Here, Plaintiff fails to adequately allege the second element of a disability discrimination claim-that he was denied meaningful access to a service or benefit normally provided by Palomar because of the delay in his accommodation. Plaintiff's Third Amended Complaint appears to allege that he was denied the ability to register for upper-level science classes because of this delay. TAC ¶¶ 34-55. However, Plaintiff's contention that he could not sign up for biology classes because he had not yet been granted a test-taking accommodation is unsupported by any factual allegations. While he alleges that he anticipated needing the accommodation once the class started because the course syllabus showed that graded assignments were due in the early weeks of the class, id. ¶ 50, he does not allege that he was barred from registering from the biology class because he needed full accommodation approval prior to signing up.

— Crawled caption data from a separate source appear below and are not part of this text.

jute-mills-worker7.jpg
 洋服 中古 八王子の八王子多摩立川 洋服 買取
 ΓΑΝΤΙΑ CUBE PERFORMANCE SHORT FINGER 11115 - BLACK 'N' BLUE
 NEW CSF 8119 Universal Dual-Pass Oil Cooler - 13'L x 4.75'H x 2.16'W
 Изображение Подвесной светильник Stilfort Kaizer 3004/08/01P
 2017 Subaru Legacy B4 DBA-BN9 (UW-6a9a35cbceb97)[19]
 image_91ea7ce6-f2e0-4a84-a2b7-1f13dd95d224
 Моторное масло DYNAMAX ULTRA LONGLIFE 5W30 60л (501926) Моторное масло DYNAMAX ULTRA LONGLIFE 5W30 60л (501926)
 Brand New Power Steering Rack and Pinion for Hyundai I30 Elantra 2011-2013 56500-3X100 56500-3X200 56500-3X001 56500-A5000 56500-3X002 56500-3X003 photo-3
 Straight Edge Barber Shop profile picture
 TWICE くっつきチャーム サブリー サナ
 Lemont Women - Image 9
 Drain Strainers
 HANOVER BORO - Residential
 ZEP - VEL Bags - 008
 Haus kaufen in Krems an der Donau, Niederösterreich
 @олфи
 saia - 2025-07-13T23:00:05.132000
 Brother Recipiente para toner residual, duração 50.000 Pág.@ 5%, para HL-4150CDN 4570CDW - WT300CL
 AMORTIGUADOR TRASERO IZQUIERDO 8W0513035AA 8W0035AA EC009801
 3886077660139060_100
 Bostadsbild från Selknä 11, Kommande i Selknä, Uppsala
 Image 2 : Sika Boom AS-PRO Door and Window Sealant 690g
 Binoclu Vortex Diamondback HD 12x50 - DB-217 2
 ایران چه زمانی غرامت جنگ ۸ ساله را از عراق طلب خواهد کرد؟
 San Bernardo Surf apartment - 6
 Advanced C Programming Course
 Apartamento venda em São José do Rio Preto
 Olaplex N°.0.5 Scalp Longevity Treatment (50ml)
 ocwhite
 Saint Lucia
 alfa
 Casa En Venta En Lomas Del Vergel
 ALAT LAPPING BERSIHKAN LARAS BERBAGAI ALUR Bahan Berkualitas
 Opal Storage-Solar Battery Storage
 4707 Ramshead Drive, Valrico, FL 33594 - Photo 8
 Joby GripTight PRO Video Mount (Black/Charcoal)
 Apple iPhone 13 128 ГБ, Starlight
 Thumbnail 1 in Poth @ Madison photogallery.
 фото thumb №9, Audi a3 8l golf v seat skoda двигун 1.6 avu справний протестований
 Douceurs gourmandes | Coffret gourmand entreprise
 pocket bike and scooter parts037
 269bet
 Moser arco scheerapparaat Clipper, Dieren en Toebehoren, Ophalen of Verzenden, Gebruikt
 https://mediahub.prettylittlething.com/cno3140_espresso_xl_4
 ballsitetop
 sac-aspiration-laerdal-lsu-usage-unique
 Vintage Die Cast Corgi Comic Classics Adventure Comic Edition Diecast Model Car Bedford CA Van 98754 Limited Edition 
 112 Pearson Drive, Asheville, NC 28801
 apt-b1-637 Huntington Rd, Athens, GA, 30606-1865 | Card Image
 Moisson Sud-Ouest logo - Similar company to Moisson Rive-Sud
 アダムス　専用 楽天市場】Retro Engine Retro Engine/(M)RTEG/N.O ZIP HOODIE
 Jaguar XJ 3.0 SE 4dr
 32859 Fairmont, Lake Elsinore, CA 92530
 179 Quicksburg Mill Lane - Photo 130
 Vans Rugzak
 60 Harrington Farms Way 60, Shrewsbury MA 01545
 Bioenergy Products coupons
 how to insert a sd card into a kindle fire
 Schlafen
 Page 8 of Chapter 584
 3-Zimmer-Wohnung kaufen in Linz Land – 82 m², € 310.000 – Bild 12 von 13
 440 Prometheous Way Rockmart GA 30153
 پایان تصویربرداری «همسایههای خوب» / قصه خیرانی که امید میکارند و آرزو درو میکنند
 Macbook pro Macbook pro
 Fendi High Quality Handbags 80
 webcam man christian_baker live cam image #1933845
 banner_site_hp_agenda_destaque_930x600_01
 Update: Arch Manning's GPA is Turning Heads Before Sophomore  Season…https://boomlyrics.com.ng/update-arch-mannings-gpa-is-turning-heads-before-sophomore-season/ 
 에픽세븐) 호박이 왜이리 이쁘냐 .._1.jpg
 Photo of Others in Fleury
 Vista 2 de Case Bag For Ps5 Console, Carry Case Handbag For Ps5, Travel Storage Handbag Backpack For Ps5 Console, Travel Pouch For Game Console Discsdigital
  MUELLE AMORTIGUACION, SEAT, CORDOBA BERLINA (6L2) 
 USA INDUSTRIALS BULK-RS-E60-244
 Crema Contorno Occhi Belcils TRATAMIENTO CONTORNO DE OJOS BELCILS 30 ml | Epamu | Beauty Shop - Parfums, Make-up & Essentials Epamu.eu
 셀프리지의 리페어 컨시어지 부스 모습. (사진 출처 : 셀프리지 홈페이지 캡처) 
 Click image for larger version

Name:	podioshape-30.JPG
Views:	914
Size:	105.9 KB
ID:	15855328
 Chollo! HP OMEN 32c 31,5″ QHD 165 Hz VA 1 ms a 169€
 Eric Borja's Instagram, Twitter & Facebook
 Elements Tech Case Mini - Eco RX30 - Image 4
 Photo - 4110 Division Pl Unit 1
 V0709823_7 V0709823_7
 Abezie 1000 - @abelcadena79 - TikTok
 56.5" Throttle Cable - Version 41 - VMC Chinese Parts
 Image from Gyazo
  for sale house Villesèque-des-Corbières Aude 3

Further, by his own allegations, it appears that his inability to sign up for this particular biology class was due to the school's need to verify that he had taken the appropriate prerequisites for the upper-level biology class, id. ¶ 45, not because he could not register before receiving accommodation approval. Id. ¶¶ 45-55. He therefore fails to allege that he was denied any services or benefits because of the four or five-week delay in processing his accommodation request. Aside from alleging that he was not granted his accommodation in time to register for an upper-level biology class, id. ¶¶ 45-47, Plaintiff fails to identify any other services or benefits that Palomar denied him during the four or five-week time frame he was waiting to hear about this test-taking accommodation. Plaintiff therefore fails to plausibly allege he was excluded from participating in or denied the benefits of a public entity's services, programs, or activities.

Additionally, Plaintiff fails to plead that Palomar acted with deliberate indifference toward his disability needs in delaying their grant of his accommodation request by four or five weeks. To establish that a defendant has been “deliberatively indifferent” in violation of the ADA and Rehabilitation Act, the plaintiff must prove (1) the defendant was on notice that the accommodation was required; (2) his failure to act was a result of conduct that was more than negligent; and (3) the conduct involved an element of deliberateness. Updike v. Multnomah Cnty., 870 F.3d 939, 950-51 (9th Cir. 2017) (citing to Duvall, 260 F.3d at 1139) (“[D]eliberate indifference does not occur where a duty to act may simply have been overlooked, or a complaint may reasonably have been deemed to result from events taking their normal course.”)) This “failure to act must be a result of conduct that is more than negligent[,]” and it requires both knowledge that a protected right is substantially likely to be infringed upon, and a failure to act upon that knowledge. Duval, 260 F.3d at 1139.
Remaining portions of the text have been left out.